Archiv für die Kategorie ‘Bundesliga’

Weises Weigern

Herr Winfried am Mittwoch den 29. Juli 2020

Es ist besser, Namen von Clubs am Rhein nicht auszusprechen.

Es ging einfach nicht, so sehr er es auch versuchte. Aber die Kombination aus einer Zahl und mehreren Buchstaben wollte dem tapferen Gast nicht über die Lippen schleichen. Der Mann, stolzer Fan der Borussia Mönchengladbach, wurde gefragt, welcher deutsche Verein in der Saison 2018/2019 die Meisterschaft in der 2. Bundesliga gewann.

Der Mann wusste die Antwort, er sah sie ganz klar vor sich. Doch als er “1. FC Köln” sagen wollte, erlahmten seine Mundwinkel. Sehen Sie selbst!

Die Spontanblockade kostete den Mann stattliche 1’000 Euro, eine bittere Pille für den Gladbacher. Da kam unverhofft sein Herzensverein zu Hilfe. So hatte der grobe Aussetzer doch noch sein Gutes.

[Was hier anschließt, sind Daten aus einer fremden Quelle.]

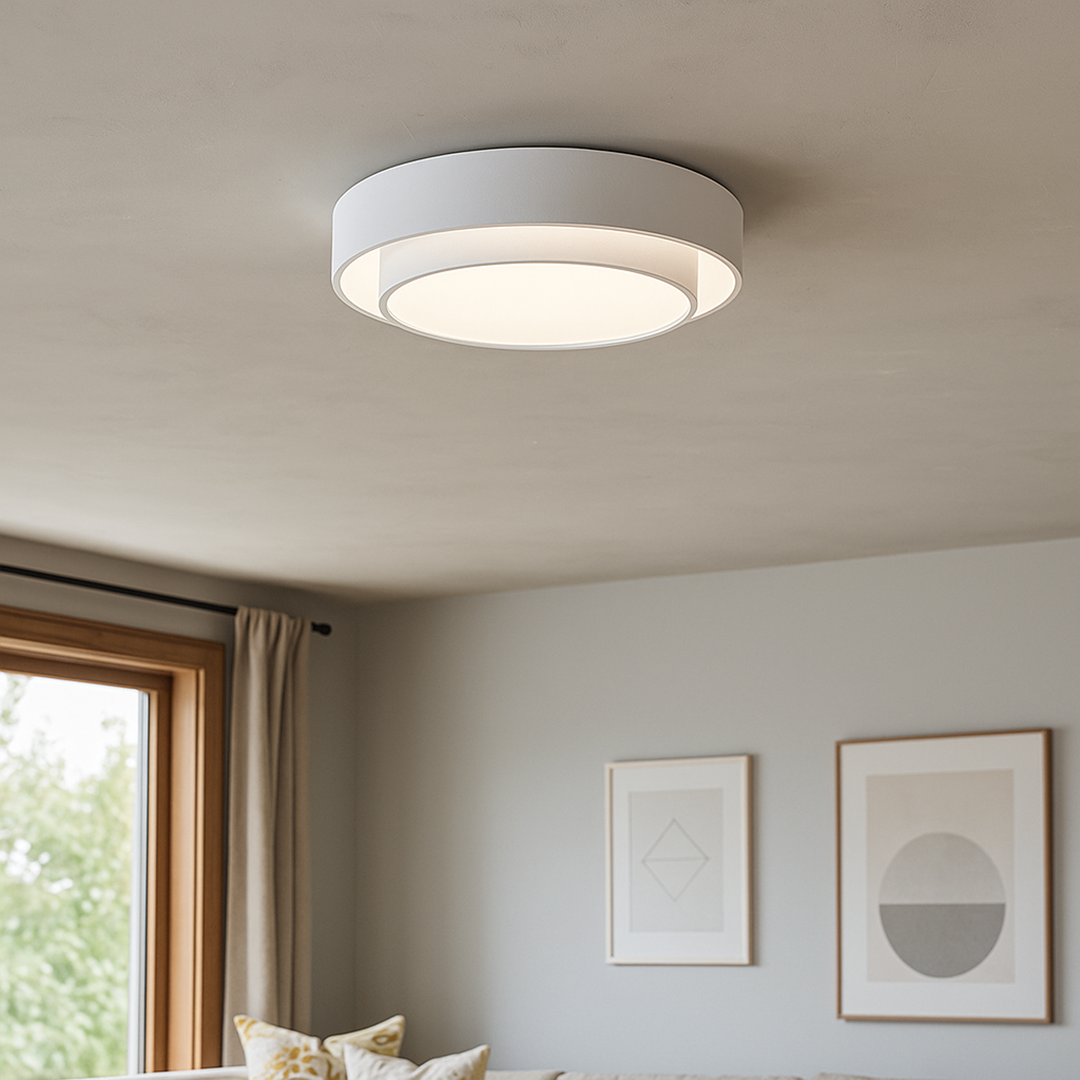 Stylowa Lampa Sufitowa Natynkowa | Sypialnia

Nur was der Mann während der Show auf dem Leib trägt, bleibt rätselhaft.

Beste Publizität II

Briger am Mittwoch den 22. Juli 2020

Das Runde Leder steigt ins Trikot-Sponsoring ein.

Ältere Leser erinnern sich, der bekannte und beliebte Fussballblog “Zum Runden Leder” steht mit dem BSC Young Boys in Verhandlungen hinsichtlich einer Neuanordnung der gelben Stühle im Stadion Wankdorf.

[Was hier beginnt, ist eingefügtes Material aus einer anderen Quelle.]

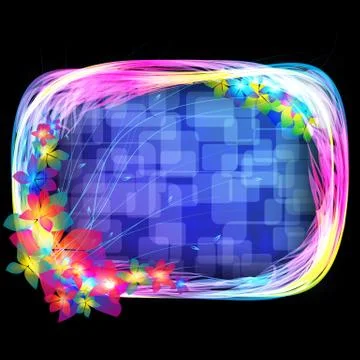 Abstract floral background. Stock Illustration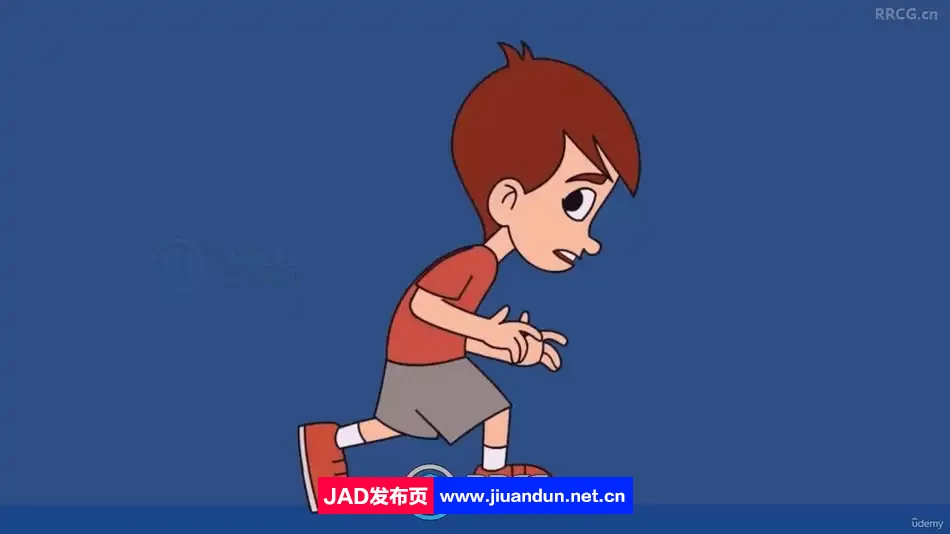 Adobe Animate卡通角色姿态行走动画制作视频教程 AM 第8张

Bereits einen Schritt weiter ist das Runde Leder in Sachsen. Noch ältere Leser werden sich erinnern, dass der FSV Zwickau während der Corona-Pause auf Geldsuche ging. Das Runde Leder hat also die erfolderlichen 52 Euro 50 aus dem Sparschwein gekratzt und sich einen Platz auf dem Sondertrikot des FSV Zwickau gesichert. In diesem Trikot lief Zwickau dann am 1. Juli beim letzten Heimspiel der Saison auf. Das Spiel sollte letztlich hinsichtlich des Klassenerhalts entscheidend sein, konnte doch ein 2:1-Sieg gegen den Chemnitzer FC gefeiert werden. Dank einem 0:0 am letzten Spieltag in Mannheim war dann auch Chemnitz-Sieg gegen Rostock wertlos und der FSV blieb dank des um ein Tor besseren Torverhältnisses in der Liga.

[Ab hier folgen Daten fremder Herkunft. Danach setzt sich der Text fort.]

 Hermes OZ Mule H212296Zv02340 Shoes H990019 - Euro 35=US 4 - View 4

Inzwischen ist das Trikot in der Schweiz eingetroffen und Sie können einen exklusiven Blick darauf werfen:

  • Da ist das Ding. (Foto: Maldini-Press)

  • Da ist er, der Sonderzug. (Foto: Maldini-Press)

  • Der Schriftzug. (Foto Maldini-Press)

  • Der Schriftzug 2. (Foto: Maldini-Press)

Bedeutsame Bestmarken

Herr Maldini am Dienstag den 2. Juni 2020

Wie fit sind die Fussballer nach der Corona-Pause? Können Sie überhaupt noch spielen?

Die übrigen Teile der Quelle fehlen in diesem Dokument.